Conversations about this history inevitably turn to Ellie Mannette, who is credited with creating the modern steel drum in the 1940s. The musician from Trinidad introduced the instrument to the United States a decade later and led workshops from 1983 to 1986 at Portland State University’s Haystack School of the Arts in Cannon Beach. OSU music professor Michael Coolen attended those sessions and learned to play and to make a steel drum. He founded an 11-member OSU steel drum band, Pura Vida, in the late 1980s, but a continuing case of tinnitus (ringing in the ears) eventually forced Coolen to stay away from loud, percussive music and discontinue the band. He had most of the steel drums auctioned off, but he kept one, which he now lends to the OSU ensemble.

In Trinidad, steel drum music continues to thrive.

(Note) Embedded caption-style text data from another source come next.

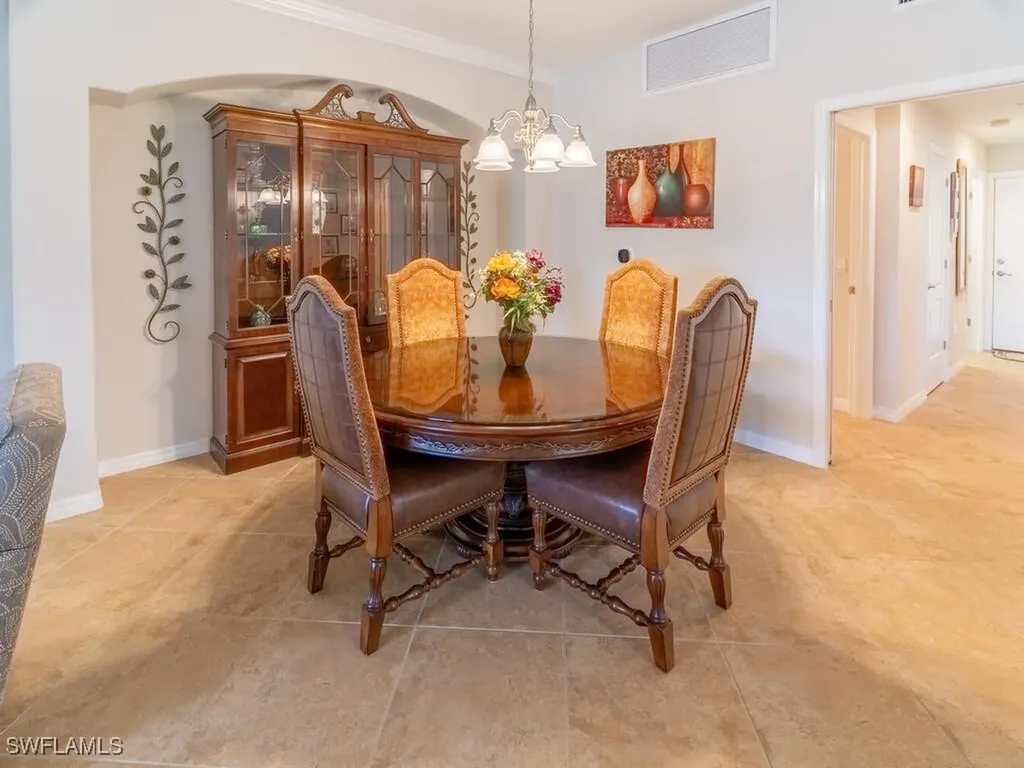 9115 Napoli Court Naples FL 34113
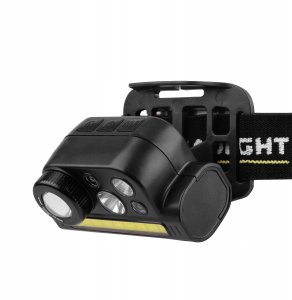 Latarka LED czołowa Pyxis 3.0 GW-0154 3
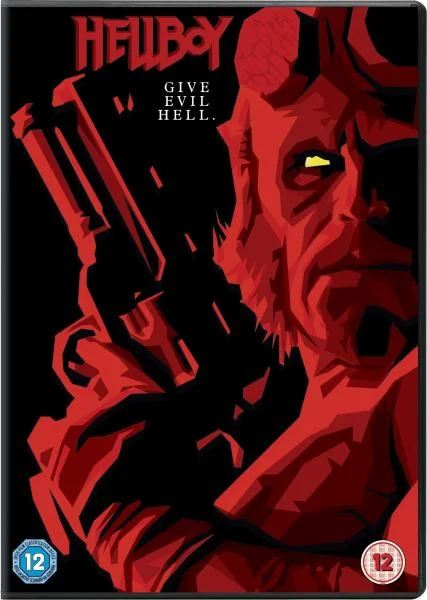Hellboy Bild 1
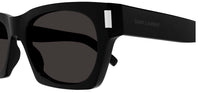 Zonnebril Saint Laurent Corner Angle SL 402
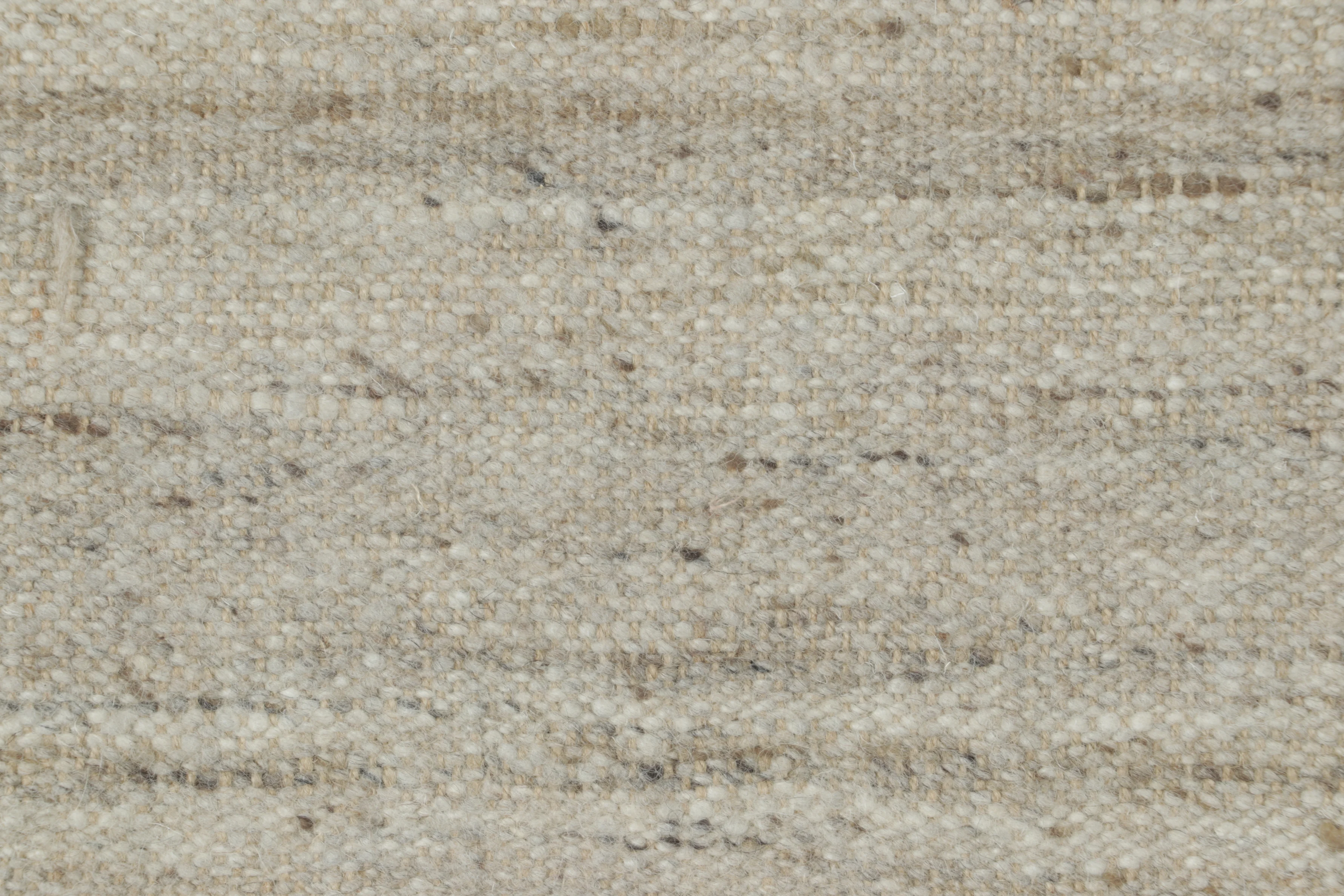 Rug & Kilim's Classic Custom Rug Sample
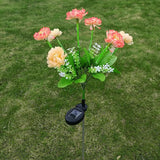 SolarGlow - Solar Gartenlampe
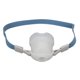 thumbnail image 1 of Accesorio de Protección Nasal BuyWeek para RESMED Mirage FX, 1 of 14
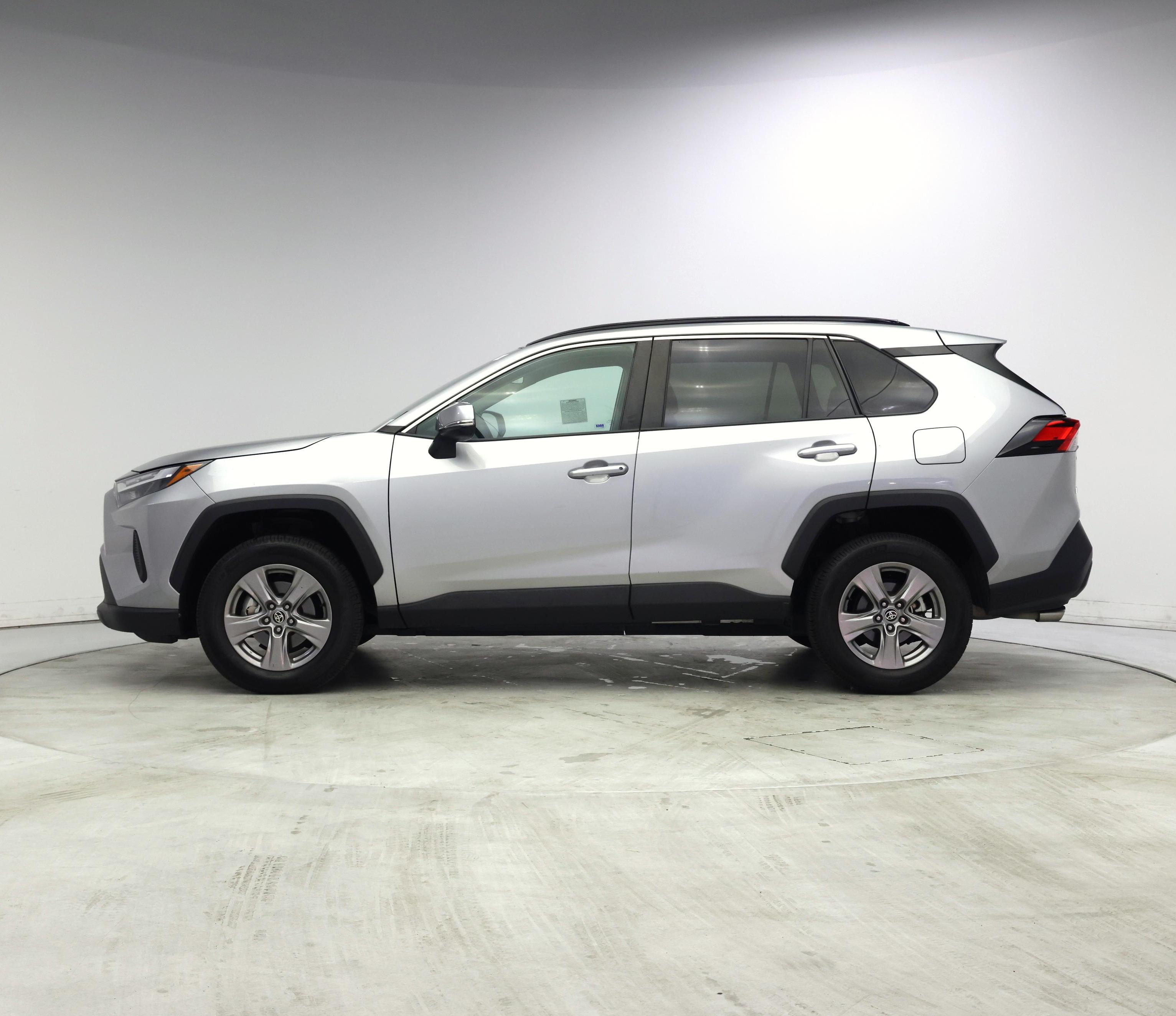 Thumbnail: 2024 Toyota RAV4 - 3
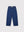 Indigo Blue Denim Raw
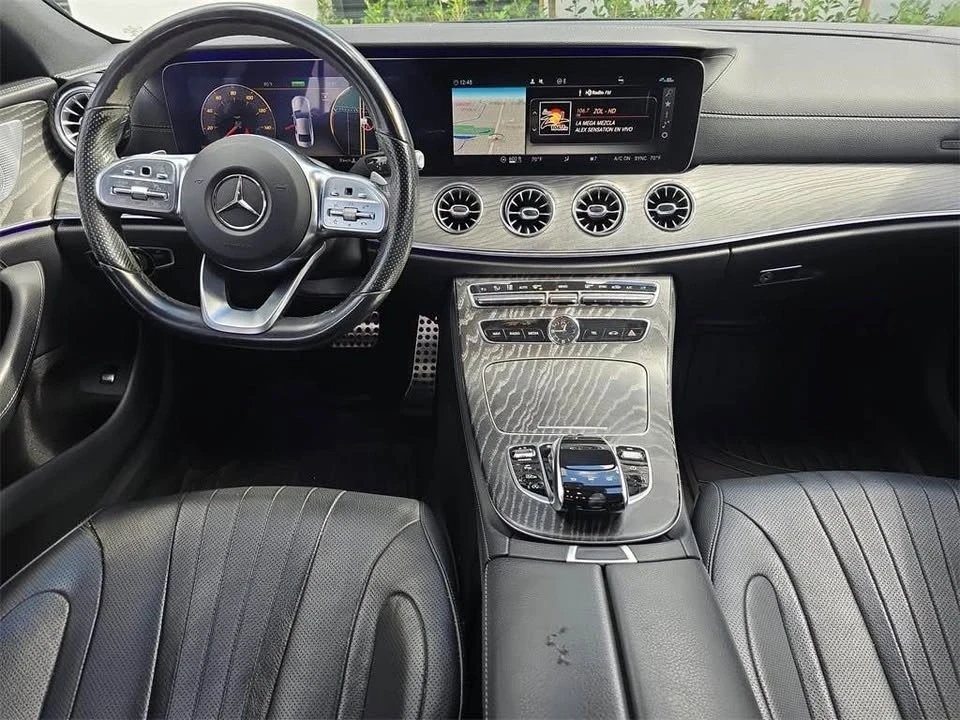 2020 Mercedes-Benz C257 CLS-Class - Image 7 of 10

Annual competitions (“Panorama” and “Pan Is Beautiful”) are held during the carnival season. Bands can have as many as 100 players, and although most emphasize Afro-Cuban styles, some specialize in European classics. “Initially, in the 1960s and 70s, a lot of these groups started off playing orchestral transcriptions,” says Brudvig. “Most of these guys in the orchestra don’t read music. So it was learned by rote. They were learning a complete Mozart Symphony by ear.”

The instruments have also evolved. The lead pan on which Brudvig plays melodies in the OSU ensemble starts at middle C and covers slightly more than two octaves. Others in the pan family — tenors, guitars, cellos, basses — extend to progressively lower notes. Large bands also have a section known as the “engine room,” which keeps all the drummers on the beat by rapping out the rhythm on a drum set or steel brake drum.

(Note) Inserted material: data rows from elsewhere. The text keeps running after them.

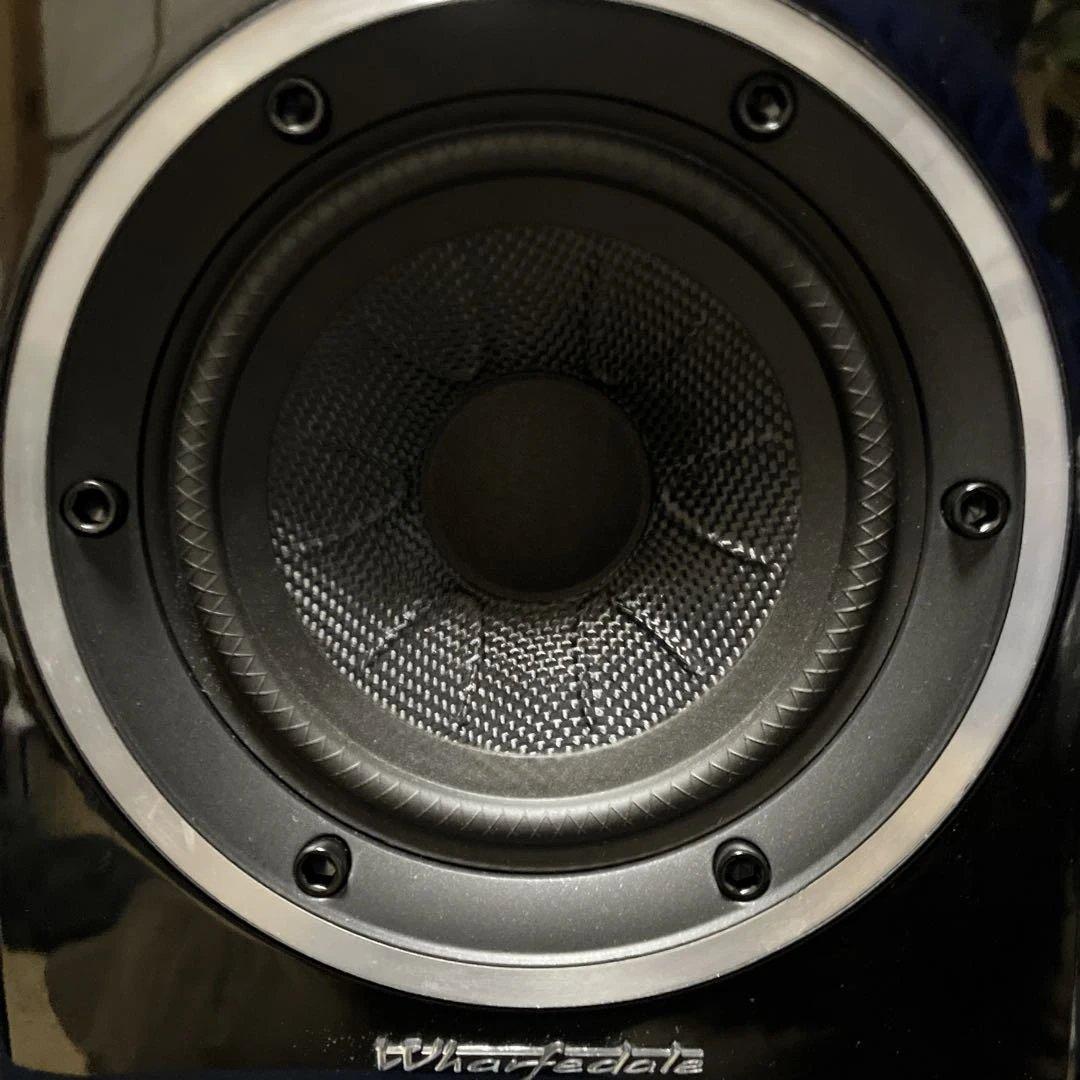 【決算バーゲン】《完動品》 Wharfedale ダイアモンド220スピーカー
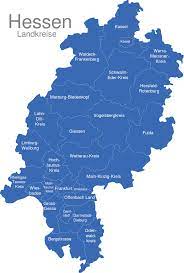 Wie hoch ist die inzidenz in meiner stadt? Hessen Landkreise Interaktive Landkarte Image Maps De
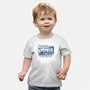 Low Temp High Thrills-Baby-Basic-Tee-Wheels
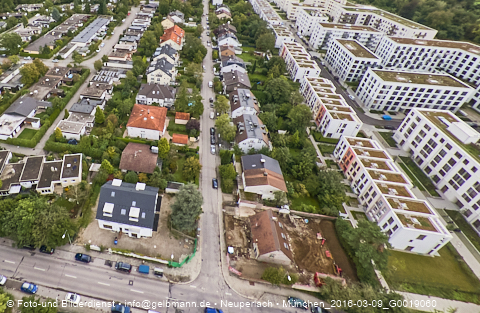 12.09.2024 - Alexisquartier in Neuperlach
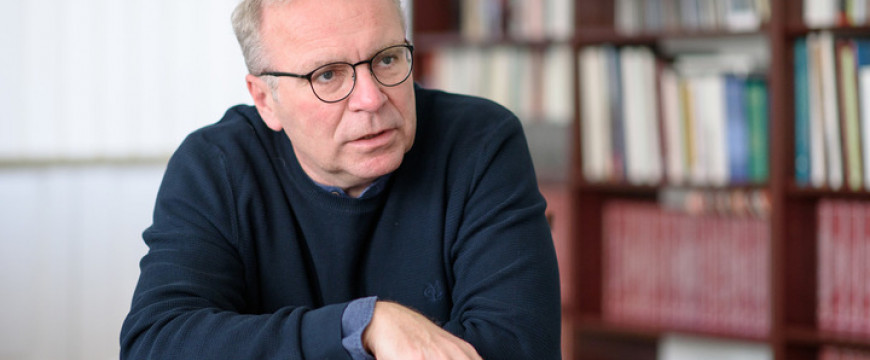 Pokorni Zoltán kemény véleménye Karácsonyról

Oregon is hardly a center for the instrument on the West Coast (that distinction belongs to the Seattle area), but Mannette’s Haystack workshops continue to echo in the state. James Leyden of Portland, who worked with Mannette on the East Coast and arranged for his Haystack appearances, offers a wide variety of steel drum arrangements at a Web site, www.hillbridge.com. A Mannette protégé, Dennis Martin of La Center in southern Washington, builds and sells steel drums, and the band he started, Rhythmical Steel, performs in schools and at public events in Washington and Oregon. Two Eugene groups, Island Accents and the all-female group Steel Magnolias, are active in Oregon.

Brudvig hopes to ride interest in the steel pan to build on the OSU music department’s ongoing public school programs and to expand performance opportunities for OSU percussion students. He expects students would agree with the observation of Rear Admiral Daniel Gallery who founded the U.S. Navy Steel Drum Band. After hearing a Trinidadian steel pan group in 1957, Gallery said, “The music just got inside me and shook me up.”